Leaving the Berry Islands Club I watched the water change from the various shades of green I'd become accustomed to into the darker sapphire blue as we hit the deeper water again on a heading of ~125 degrees magnetic. It looks like the deepest part that we're crossing is a little over 2 miles deep (10,782 ft).
I saw some flying fish again - they're something else to watch! Wayne hung our yoyo over the side once we got into deeper waters. He's hoping to catch a mahi mahi or actually almost anything. This is our first fishing try so we'll see. So far we've managed to catch some Sargosa weeds - but that's about it.
No fish for us today but he did get the feel for how the yoyo works.
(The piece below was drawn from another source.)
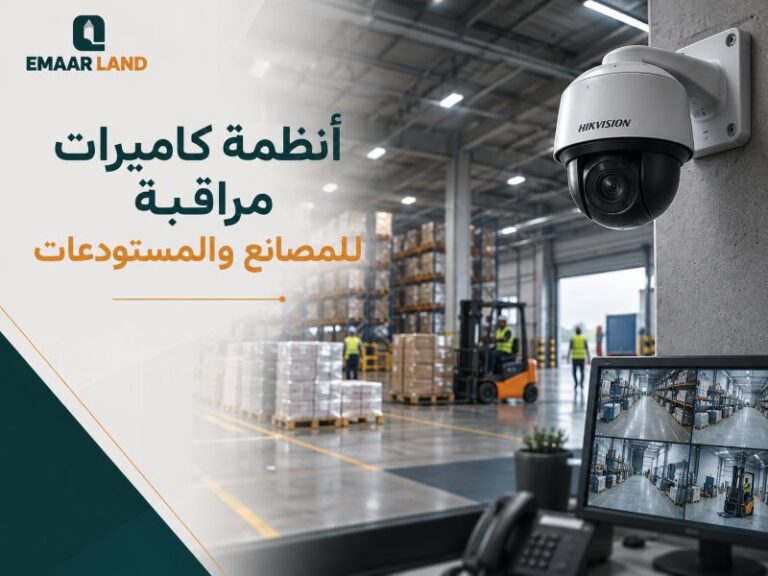 أنظمة كاميرات مراقبة للمصانع والمستودعات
We approached Nassau Harbor and requested and were permitted entry then went about trying to find a marina for a couple of days. The Nassau Harbor Club Marina was the only one to respond to our hail and told us to call/check back in half an hour - they had 2 boats leaving. It took us about a half hour to get there - they're the last marina in the row along Nassau Harbor and when we called again they told us where to head - east dock, starboard tie-up. Right after that another boat called and were turned away for the night - call back tomorrow - so we were lucky to get in and tucked away a little after 4pm. It seems strange to pay for water. They charge $6/day for water here at the dock - whether you use it or not I guess.
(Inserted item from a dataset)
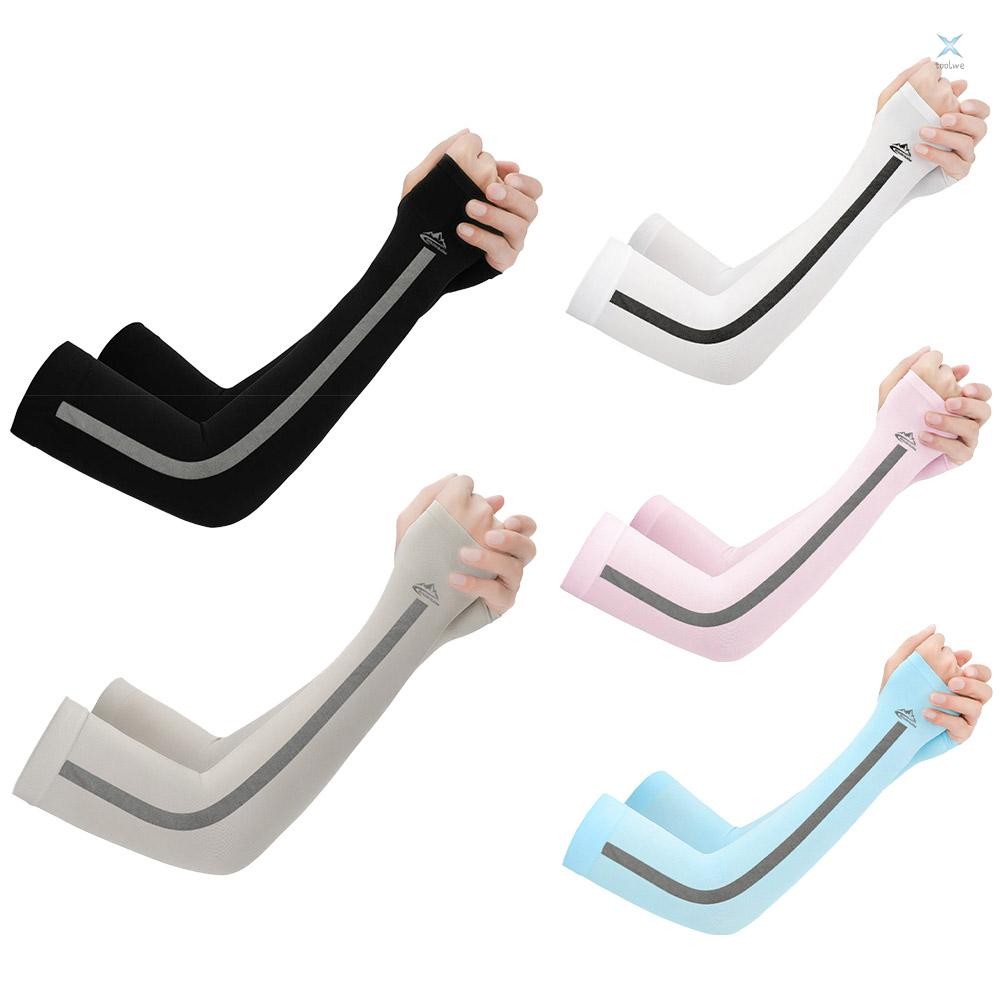 ปลอกแขนกลางแจ้ง UV Sun ป้องกันถุงมือ Cooling แขนสําหรับเดินป่ารอบปีนเขาตกปลาขับรถกีฬาเดินทาง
It's been a long time since we've been here - since the late 70's or early 80s. This time we're here on our little boat as opposed to last time when we were headed to Eleuthera. Our hotel burned down and we were stranded here in Nassau at a hotel that was not so stellar for a week. We both kind of wonder if it's still here - I thought I might have seen one that could have been it as we entered the harbor. It was across from the beach area we passed. We'll have to check it out. There were several cruise ships in port that we passed. What huge monstrosities! Looking up at it from below and beside it - it looks like a huge wall of ports with people hanging over the sides looking back at me... We're totally dwarfed riding next to them.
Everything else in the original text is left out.